先の記事では自民・公明政権の選挙公約(外部のPDFにリンク)を紹介しましたが、その中に「幼児教育の無償化」があります。私立も含め、幼稚園だけでなく保育所、認定こども園を通じて、すべての3歳から小学校就学までの無償化に取り組むとしています。ところで幼児教育の無償化が打ち出されたのは、今回が初めてではありません。4年前の2009(平成21)年にもありました。

 

4年前といえば、夏の総選挙で民主党が圧勝し、政権交代した年です。その前の5月、自公政権の下で文部科学省の有識者研究会が幼児教育の無償化を提言する中間報告をまとめたことは、このコーナーでも紹介しました。

 

当時、無償化に必要な国と地方の追加公費は7,900億円(幼稚園3,500億円、保育所4,400億円)と見込まれていました。それだけ保護者が負担していたわけですが、「幼児教育の無償化への取組は世界の趨勢(すうせい)」「国家戦略上、喫緊の課題」だとして、消費税などの安定財源を確保したうえで、実施することを求めていました。
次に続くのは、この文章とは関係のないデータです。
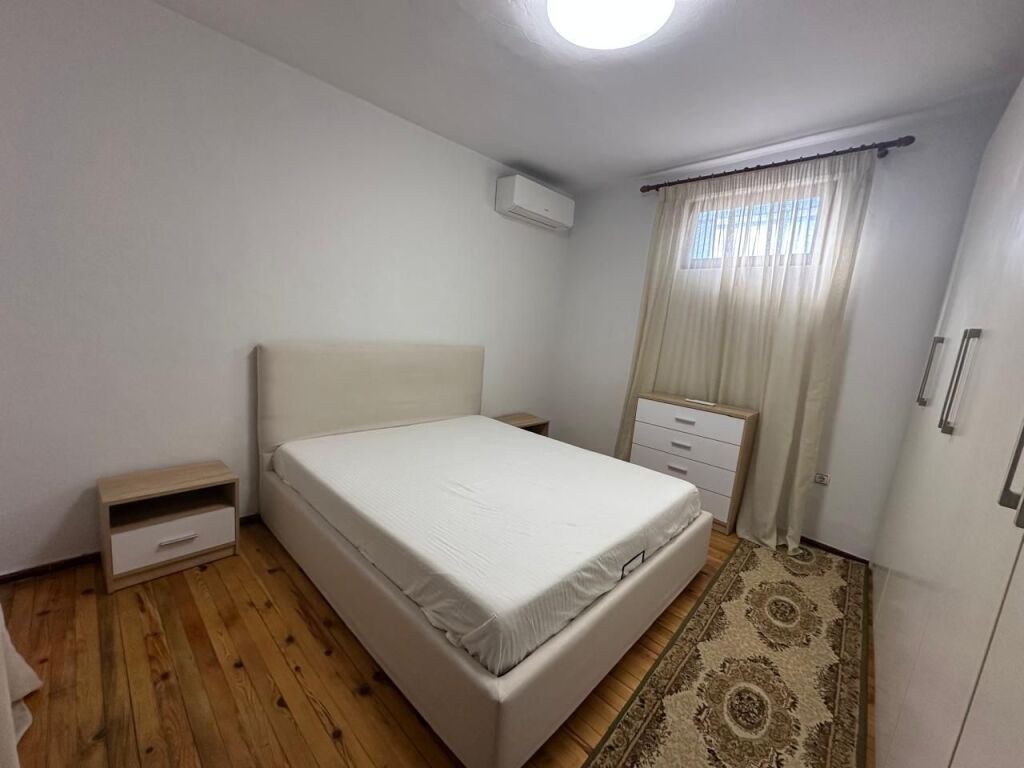 🏠Tek Xhamlliku jepet me qera kati i I-re i nje vile,2+1,i mobiluar 50,000Lek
同年8月の2010(平成22)年度概算要求(外部のPDFにリンク)では手始めに私立幼稚園の補助単価を6%引き上げることとし、前年度比51億円増の255億円を計上していました。

 

それが総選挙結果を受けた政権交代により、概算要求自体が組み替え(外部のPDFにリンク)に。子ども手当が創設されたこともあって低所得者層に重点化することにし、結果的には2010(平成22)年度予算(外部のPDFにリンク)に前年度比5億円増の209億円が計上されました。その後、民主政権は幼保一体化などに取り組みましたが、無償化はお蔵入り状態となっていました。

 

幼児教育をめぐっては2012(平成24)年、経済協力開発機構(OECD)が日本での普及率を高く評価したことを、当コーナーで紹介しました。OECDはそれに先立って、日本政府に対し、小学校以降も含めた家計の教育費負担の軽減に加え、保育所と幼稚園を一体化し、保育所に通う子どもにも教育機会を促すことによって、首尾一貫した幼児教育と保育の枠組みを構築するよう提言(外部のPDFにリンク)しています。すべての子どもに早期から幼児教育の機会を提供することが、その後の学力などの伸びに大きく寄与するからです。

 

文部科学省(外部のPDFにリンク)も近年、「幼小連携」や、さらに一歩踏み込んだ「幼小接続」に力を入れており、「幼児期の教育」(幼稚園や保育所、家庭教育)と小学校の教育をスムーズに橋渡しすることに取り組んでいます。新しい幼稚園教育要領(保育所は「保育所保育指針」)や小学校学習指導要領でも幼小連携(外部のPDFにリンク)をさらに推進することにし、小学1年生で生活科などを中心とした「スタートカリキュラム」を充実することも求めています。

安倍晋三首相は総選挙期間中、「公約にはできることしか書いていない」「幼児教育の無償化の財源はある」と繰り返し力説していました。公約には反映されませんでしたが、自民党の「教育再生実行本部」は総選挙直前の中間取りまとめ(外部のPDFにリンク)で、5歳児からの義務教育化も提言していました。新政権には本気で取り組んでほしいものです。